In 2004, Derringer launched an all-day fundraising drive to benefit the family of Louise Russo, a 45-year-old mother-of-three who was hit by a stray bullet while ordering a sandwich at a Toronto restaurant on April 21, 2003. The bullet shattered her spine, leaving her paralyzed. The station raised CDN$218,000 for the family.

Every year Derringer, a motorcycle enthusiast, leads "The B.A.D. Ride", a charity ride for the benefit of the Distress Centres of Toronto.

==Controversies==
In 2003, Justice Richard Schneider of the Ontario Court of Justice filed a lawsuit against Derringer seeking $3 million in damages for libel. On the May 29, 2003 episode of Tool of the Day, Derringer criticized the judge's ruling in a child pornography case involving a 20-year-old man. Justice Schneider sentenced the man to 9 months' house arrest, with no jail time, a sentence Derringer declared too lenient. Derringer called Justice Schneider a "supposed Judge", and a "disgrace to our justice system."

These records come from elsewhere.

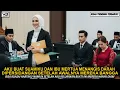 Download Lagu AKU BUAT SUAMI DAN IBU MERTUA MENYESAL DIPERSIDANGAN - PADAHAL AWALNYA MEREKA BANGGA KUASAI HARTAKU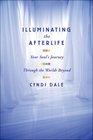 Illuminating the Afterlife Your Soul's Journey Through the Worlds Beyond
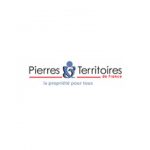 logo-pierres-et-territoires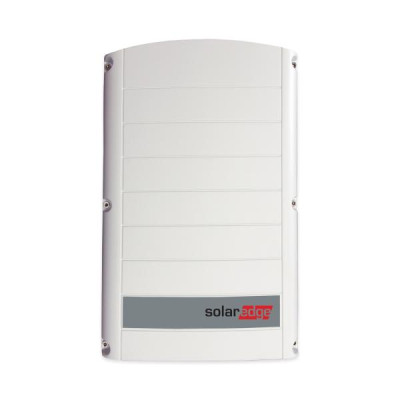 Falownik Inwerter SolarEdge SE4K-RW0TEBEN4 4kW Falownik Inwerter SolarEdge SE4K-RW0TEBEN4 4kW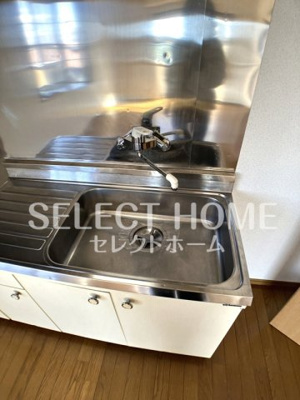  | Asobi-PLACE矢作橋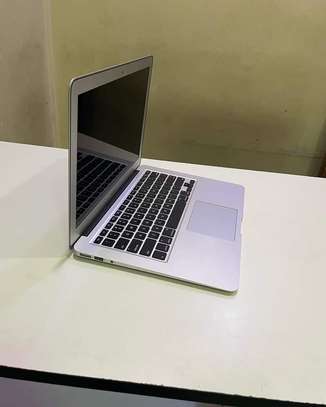 Macbook Air 13 Laptop image 3
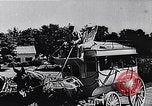 Image of Greenfield Village Michigan United States USA, 1935, second 14 stock footage video 65675026572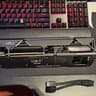 ASUS TUF Gaming NVIDIA GeForce RTX 4070 Ti OC Edition Gaming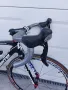 Шосеен карбонов велосипед Lapierre , снимка 13
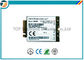 Modul HSPA NGFF des Dongle-4G LTE Modul-EM7305 PCIE für industrielles IoT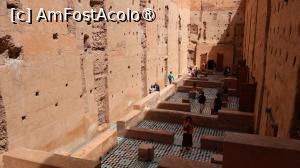 [P19] Palatul Baudi » foto by DanSta
 - 
<span class="allrVoted glyphicon glyphicon-heart hidden" id="av1480203"></span>
<a class="m-l-10 hidden" id="sv1480203" onclick="voting_Foto_DelVot(,1480203,4416)" role="button">șterge vot <span class="glyphicon glyphicon-remove"></span></a>
<a id="v91480203" class=" c-red"  onclick="voting_Foto_SetVot(1480203)" role="button"><span class="glyphicon glyphicon-heart-empty"></span> <b>LIKE</b> = Votează poza</a> <img class="hidden"  id="f1480203W9" src="/imagini/loader.gif" border="0" /><span class="AjErrMes hidden" id="e1480203ErM"></span>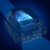 Zodiac CNX30iQ - 16.jpg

He went on to say sterner penalties for child pornography would not come about until "a Justice like [Judge Schneider] is gonna have evidence brought into court in a case like that of Yong Jun Kim, and it's gonna be his kid being forced to perform fellatio on a man and sent around the world on the Internet". The Canadian Broadcast Standards Council (CBSC) ruled that Derringer "made improper personal attacks on the judge", and that "[the] Derringer commentary also sanctioned or promoted possible personal attacks on the children of the judge".

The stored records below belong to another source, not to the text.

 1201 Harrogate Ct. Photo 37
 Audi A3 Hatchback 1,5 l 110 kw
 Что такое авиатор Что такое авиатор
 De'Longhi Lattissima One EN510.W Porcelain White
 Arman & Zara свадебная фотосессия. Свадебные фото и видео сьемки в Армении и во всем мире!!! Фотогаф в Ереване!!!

In response to the lawsuit and a complaint lodged with the CBSC by Justice Schneider's ex-wife, the radio station acknowledged Schneider's concerns while defending Derringer's actions as "without actual malice". In a letter to Schneider, CILQ-FM stated that "the Program, like many radio shows, can sometimes be controversial in nature and not for everyone's taste. However, many of Q107's core audience, which is mainly adults in the 25- to 54-year-old age group, in particular, men, find the program humorous." Derringer issued an on-air apology and, following the CBSC's ruling, the station was required to broadcast a series of announcements regarding the contentious statements.

Derringer was criticised for supporting the Ontario chapters of the Hells Angels in an August 31, 2005 column for the Toronto Sun. In it, he dismissed recent media reports about the Hell's Angels as "filled with innuendo, lies, half-truths and complete fabrications."

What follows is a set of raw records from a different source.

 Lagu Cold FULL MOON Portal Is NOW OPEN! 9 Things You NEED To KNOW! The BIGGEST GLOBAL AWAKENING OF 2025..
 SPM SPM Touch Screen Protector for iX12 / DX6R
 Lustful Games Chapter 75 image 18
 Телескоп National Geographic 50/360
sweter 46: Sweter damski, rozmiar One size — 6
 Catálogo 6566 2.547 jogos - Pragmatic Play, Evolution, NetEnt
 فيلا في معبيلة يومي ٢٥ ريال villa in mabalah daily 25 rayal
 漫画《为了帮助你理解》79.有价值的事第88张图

In May 2022, Derringer's former Q107 co-host Jennifer Valentyne posted a video on social media alleging that she had experienced years of verbal abuse and gender discrimination while working at the station. Although she did not identify Derringer by name in the video, she confirmed that she had filed a complaint with the Canadian Human Rights Commission against Corus Entertainment, naming Derringer in the complaint.

Following Valentyne's allegations, several former Corus employees also alleged that Derringer had engaged in abusive workplace behaviour and that Corus management had failed to address their complaints. Corus placed Derringer in the Morning on hiatus pending an external workplace investigation conducted by Turnpenney Milne LLP. On August 9, 2022, Corus announced that it had parted ways with Derringer, effective immediately.

Valentyne's complaint was subsequently referred to the Canadian Human Rights Tribunal as Valentyne v. Corus Entertainment Inc. Hearings began in Toronto in October 2025. Valentyne testified that Derringer had repeatedly subjected her to verbal abuse and gender-based discrimination during their time working together on Derringer in the Morning, and alleged that Corus management failed to respond adequately to her complaints.

Derringer testified before the tribunal in March 2026. He denied discriminating against Valentyne and disputed her account of their working relationship, alleging that she had behaved unprofessionally and had made disparaging remarks about colleagues. During cross-examination, Valentyne's lawyer challenged portions of Derringer's testimony.

As of August 2026, the tribunal had not released a decision and the proceedings remained ongoing.